Private equity firms Navis Capital, Crescent Capital, and Southern Capital are considering selling some assets, according to Bloomberg reports.
Navis Capital Partners mulls sale of Imperial Treasure
Southeast Asia-focused private equity firm Navis Capital Partners is reportedly considering a potential sale of Imperial Treasure, its Michelin-starred Chinese restaurants, in a deal that could hit as much as $371 million.
Imperial Treasure, founded in 2004, owns more than 20 restaurants in Singapore, Shanghai, Guangzhou, Hong Kong, London, Incheon, and Paris. In 2015, the Kuala Lumpur-headquartered Navis acquired a majority stake in Imperial Treasure for S$60-S$80 million.
DealStreetAsia reported in November that the PE firm was seeking around $350 million for its maiden credit fund.
Navis also closed a $450-million continuation fund in 2021, which currently holds four businesses, including Australian restaurant chain Dome, Vietnam-based Godaco Seafood, Malaysia’s premium supermarket chain Food Purveyor, and Singapore-based piping firm Cladtek.
Crescent Capital weighs sale of Healthcare Australia
Australian PE firm Crescent Capital Partners is reportedly considering divesting its stake in recruiting firm Healthcare Australia in a deal that could value the company at about A$700 million ($471 million) or more.
Founded in 1972, Healthcare Australia is one of the biggest recruiters of healthcare workers in the country. Crescent acquired the company in 2018 from PE firm Ares Management and Toscafund Asset Management for an undisclosed amount.
The Bloomberg report, however, said the plan is still at an early stage and the firm could decide to keep the asset longer.

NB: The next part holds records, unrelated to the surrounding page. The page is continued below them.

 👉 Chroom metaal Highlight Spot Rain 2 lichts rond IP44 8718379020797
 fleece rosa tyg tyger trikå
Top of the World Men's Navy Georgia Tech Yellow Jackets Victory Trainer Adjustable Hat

Crescent is a Sydney-based private equity firm investing in middle-market companies located in Australia and New Zealand with enterprise values between A$50 million and A$300 million.

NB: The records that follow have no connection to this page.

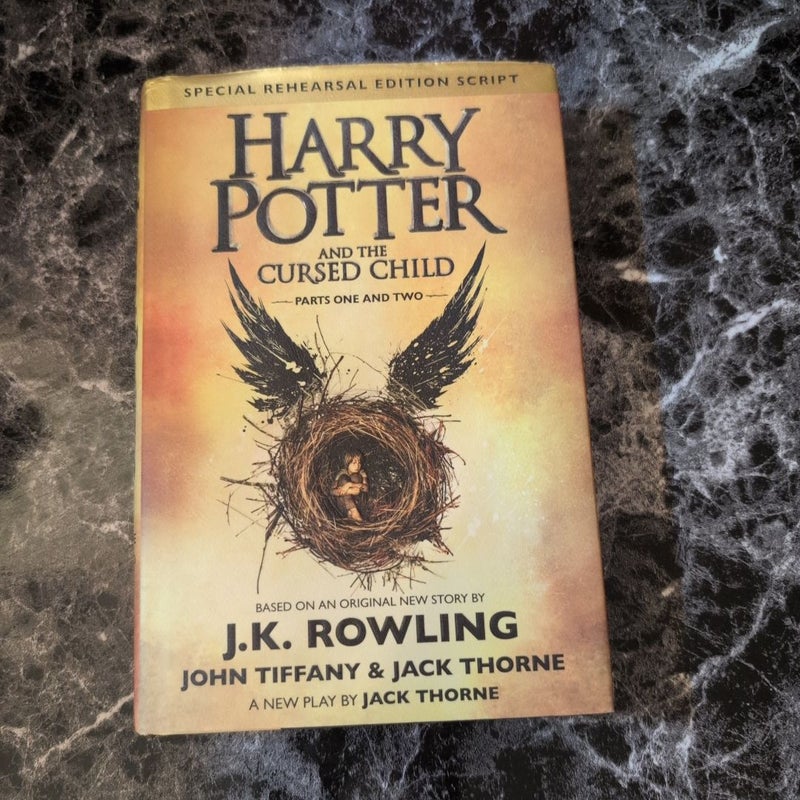 Harry Potter and the Cursed Child Parts One and Two (Special Rehearsal Edition Script)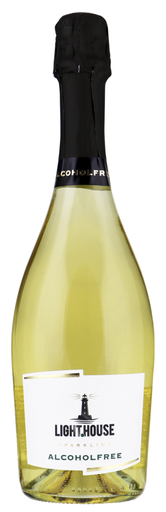 Alcoholvrije Sparkling wine Light House  75cl  0%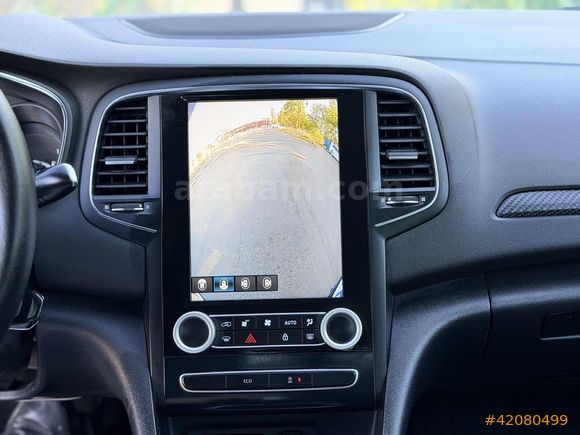 ERS AUTO'DAN RENAULT MEGANE 1.5 BLUEDCİ EDC TESLA EKRAN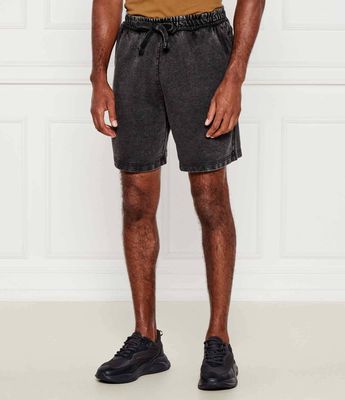 Hugo Blue - Spodenki męskie sportowe na lato ze sklepu: Gomez Fashion Store w kategorii: Spodenki męskie - zdjęcie 874714-BD9-10338_BJ254M000008001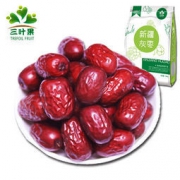 三叶果 新疆若羌灰枣 1500g 19.9元包邮（需用券）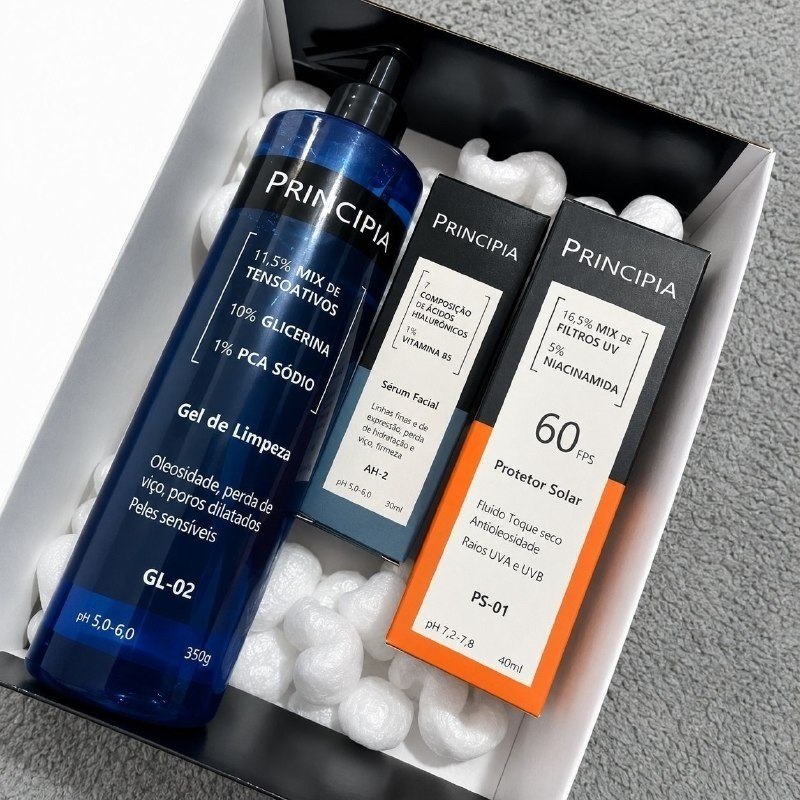 Kit Principia Primeira Rotina Skincare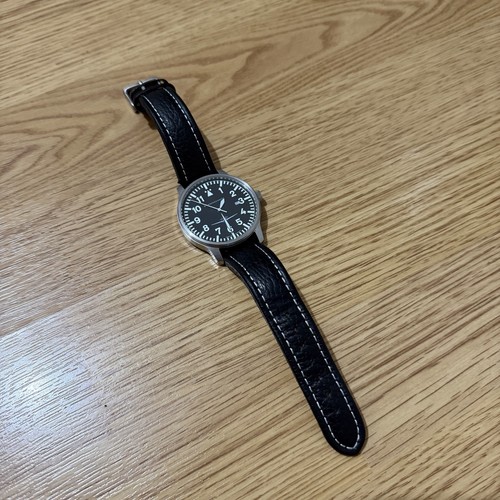 Messerschmitt black leather - messerschmitt,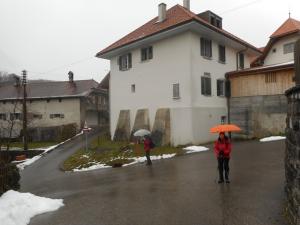 Départ Vuippens
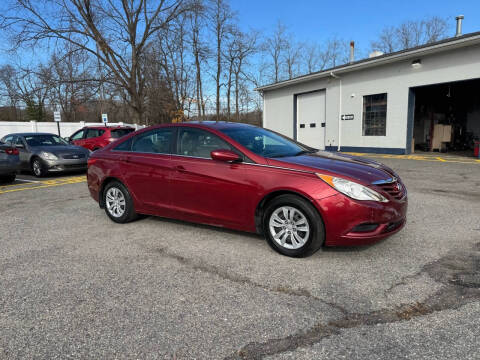 2012 Hyundai Sonata GLS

Its investment focuses on high-growth companies and sectors or industries that are undergoing a structural change or that lend themselves to consolidation.
Southern Capital eyes divestment of Qualitas Health
Singapore-based buyout firm Southern Capital Group is considering a potential divestment of healthcare company Qualitas Health in a deal that could fetch as much as $296 million.

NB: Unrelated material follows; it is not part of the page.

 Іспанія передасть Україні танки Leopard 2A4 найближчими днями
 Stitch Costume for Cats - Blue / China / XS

The regional primary healthcare service provider, headquartered in Malaysia with a presence in Australia, Singapore, and India, began its business in 1997. It currently operates 279 facilities across these markets.
Southern Capital, on the other hand, specialises in leveraged buyouts of businesses that play to Asia’s strength. It operates from two offices across Asia — Singapore and Kuala Lumpur.